All I See Is You DVD Review

It’s hard to pin down Marc Forster as a director. He’s done intense psychological thrillers (Monster’s Ball, Stay), family films (Finding Neverland, The Kite Runner), comedies (Stranger Than Fiction) and action movies (Quantum Of Solace, Machine Gun Preacher). No two movies illustrate his divergent filmography as much as his most recent; his follow-up to epic zombie-horror World War Z, is the intimate relationship drama All I See Is You.

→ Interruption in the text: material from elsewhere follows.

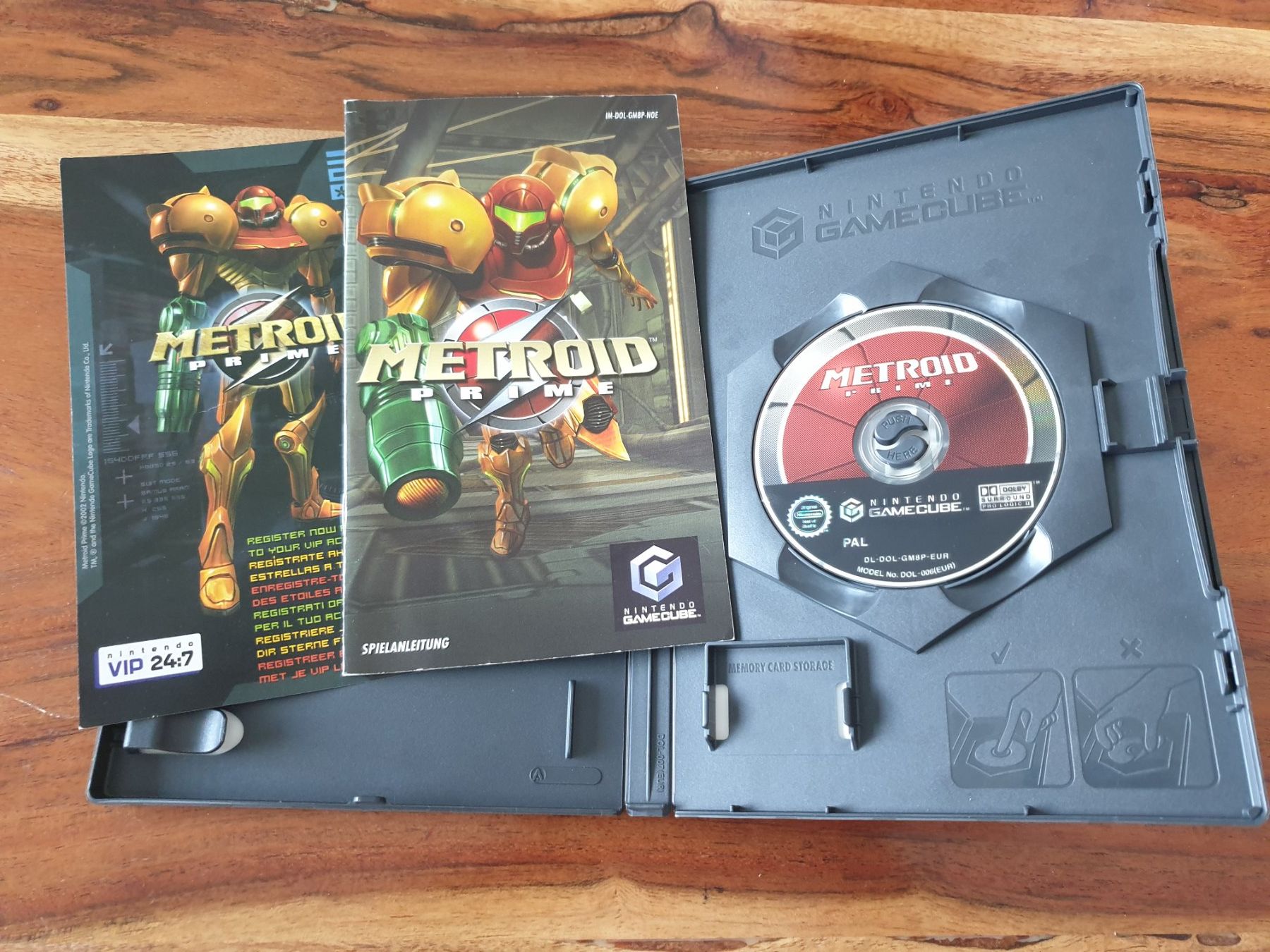 Jeux: Metroid Prime / Nintendo Gamecube – D'occasion à Rain par Rou_z26r 2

Gina (Blake Lively) has been blind for the entirety of her relationship with husband James (Jason Clarke). The two live in an apartment in Bangkok, where they’ve been waiting for news on the possibility of an operation to restore her sight. They get the call, the operation is successful, and for a while at least, everything is good. But Gina’s repaired vision brings her a host of new opportunities, opportunities that James is none too pleased about…

The portrayal of blindness in cinema is often scary and stifling; a heavy cloak of black where there should be vibrant colour. Not so with All I See Is You. Whilst she’s still blind, Gina’s vision has a sparkling phosphorescent edge, as if her eyes had been wrapped in many layers of gauze, still allowing sunlight to filter through. Forster combines these point of view shots with abstractions of what she is feeling; sex with James becomes a kaleidoscopic orgy, a thrumming nightclub dancefloor is occupied by her alone.

This visual inventiveness flows all through All I See Is You. Working with cinematographer Matthias Koenigswieser, who only has one other feature to his name, Forster’s film pulses with life and colour and movement. If the imagery sometimes takes a little too much precedence over the narrative, it’s easy to be forgiving when the result is so striking.Still, amidst all that optical splendour, a story does start to reveal itself. It takes a while. It isn’t until Gina has her sight back, and the couple go to visit her sister’s family in Spain that tension begins to appear between the formerly loving pair. With Gina’s vision comes a new confidence and an exuberance that makes James uncomfortable. He hasn’t known this Gina, and he’s not sure that he likes her.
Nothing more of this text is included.